**Aim of the task:** Retype exactly the lines below, beginning with the first and ending with the line where "Deluxe Family Suite room - Image 2" appears.

**Data:**

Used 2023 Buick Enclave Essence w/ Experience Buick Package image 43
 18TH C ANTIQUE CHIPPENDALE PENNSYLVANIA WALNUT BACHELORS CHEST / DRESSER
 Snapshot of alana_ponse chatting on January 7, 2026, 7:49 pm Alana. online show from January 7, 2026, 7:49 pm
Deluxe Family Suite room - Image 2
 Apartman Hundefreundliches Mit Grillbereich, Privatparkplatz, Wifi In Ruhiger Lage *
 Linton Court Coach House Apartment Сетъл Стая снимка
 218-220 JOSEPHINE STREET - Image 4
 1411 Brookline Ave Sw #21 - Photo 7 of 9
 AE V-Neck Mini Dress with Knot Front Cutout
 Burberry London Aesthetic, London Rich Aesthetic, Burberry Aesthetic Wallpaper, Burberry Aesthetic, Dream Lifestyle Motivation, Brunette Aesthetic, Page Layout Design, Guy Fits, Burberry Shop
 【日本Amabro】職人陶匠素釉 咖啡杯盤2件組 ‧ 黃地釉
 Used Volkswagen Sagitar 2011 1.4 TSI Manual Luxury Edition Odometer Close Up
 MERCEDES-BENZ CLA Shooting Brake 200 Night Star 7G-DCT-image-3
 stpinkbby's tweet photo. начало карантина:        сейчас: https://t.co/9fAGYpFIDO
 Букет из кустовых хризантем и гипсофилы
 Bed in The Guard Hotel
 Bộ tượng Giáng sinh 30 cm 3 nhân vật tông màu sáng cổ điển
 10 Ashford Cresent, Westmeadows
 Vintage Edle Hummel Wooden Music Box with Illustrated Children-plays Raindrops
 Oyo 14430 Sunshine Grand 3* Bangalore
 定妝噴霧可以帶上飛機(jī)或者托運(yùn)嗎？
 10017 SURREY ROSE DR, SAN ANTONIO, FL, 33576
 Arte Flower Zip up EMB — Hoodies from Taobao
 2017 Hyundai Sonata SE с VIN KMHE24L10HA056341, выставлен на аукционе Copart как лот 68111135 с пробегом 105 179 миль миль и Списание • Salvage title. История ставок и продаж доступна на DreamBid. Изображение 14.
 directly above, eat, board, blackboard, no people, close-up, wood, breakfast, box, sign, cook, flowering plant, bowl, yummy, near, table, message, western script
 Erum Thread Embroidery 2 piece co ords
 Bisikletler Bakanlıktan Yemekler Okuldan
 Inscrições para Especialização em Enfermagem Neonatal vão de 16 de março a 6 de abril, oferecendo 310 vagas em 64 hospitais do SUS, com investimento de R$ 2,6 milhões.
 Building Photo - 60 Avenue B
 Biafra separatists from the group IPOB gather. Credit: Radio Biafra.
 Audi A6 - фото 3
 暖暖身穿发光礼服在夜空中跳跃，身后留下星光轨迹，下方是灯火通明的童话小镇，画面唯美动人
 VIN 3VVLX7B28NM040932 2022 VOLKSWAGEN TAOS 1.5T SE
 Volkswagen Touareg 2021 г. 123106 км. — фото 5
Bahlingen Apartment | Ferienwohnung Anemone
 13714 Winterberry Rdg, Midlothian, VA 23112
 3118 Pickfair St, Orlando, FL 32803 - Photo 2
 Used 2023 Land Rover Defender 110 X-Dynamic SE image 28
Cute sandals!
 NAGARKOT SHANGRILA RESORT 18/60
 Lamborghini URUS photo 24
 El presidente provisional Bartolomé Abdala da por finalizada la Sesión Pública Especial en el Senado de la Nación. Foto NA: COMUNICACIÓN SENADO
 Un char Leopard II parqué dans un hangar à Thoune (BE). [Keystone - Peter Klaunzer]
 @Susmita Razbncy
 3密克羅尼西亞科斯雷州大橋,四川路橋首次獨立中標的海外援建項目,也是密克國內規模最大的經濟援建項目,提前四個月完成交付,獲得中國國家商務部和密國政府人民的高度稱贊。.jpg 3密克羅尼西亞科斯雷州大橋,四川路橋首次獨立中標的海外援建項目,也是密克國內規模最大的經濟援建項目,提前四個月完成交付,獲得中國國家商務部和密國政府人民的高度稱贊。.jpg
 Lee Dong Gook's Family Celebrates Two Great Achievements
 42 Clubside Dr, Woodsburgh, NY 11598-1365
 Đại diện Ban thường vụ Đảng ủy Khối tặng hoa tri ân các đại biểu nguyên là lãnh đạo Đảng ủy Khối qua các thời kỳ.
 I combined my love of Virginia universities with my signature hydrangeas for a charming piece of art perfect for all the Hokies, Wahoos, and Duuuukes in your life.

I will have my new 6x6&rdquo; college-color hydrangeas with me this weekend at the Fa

**Task output:**
Used 2023 Buick Enclave Essence w/ Experience Buick Package image 43
 18TH C ANTIQUE CHIPPENDALE PENNSYLVANIA WALNUT BACHELORS CHEST / DRESSER
 Snapshot of alana_ponse chatting on January 7, 2026, 7:49 pm Alana. online show from January 7, 2026, 7:49 pm
Deluxe Family Suite room - Image 2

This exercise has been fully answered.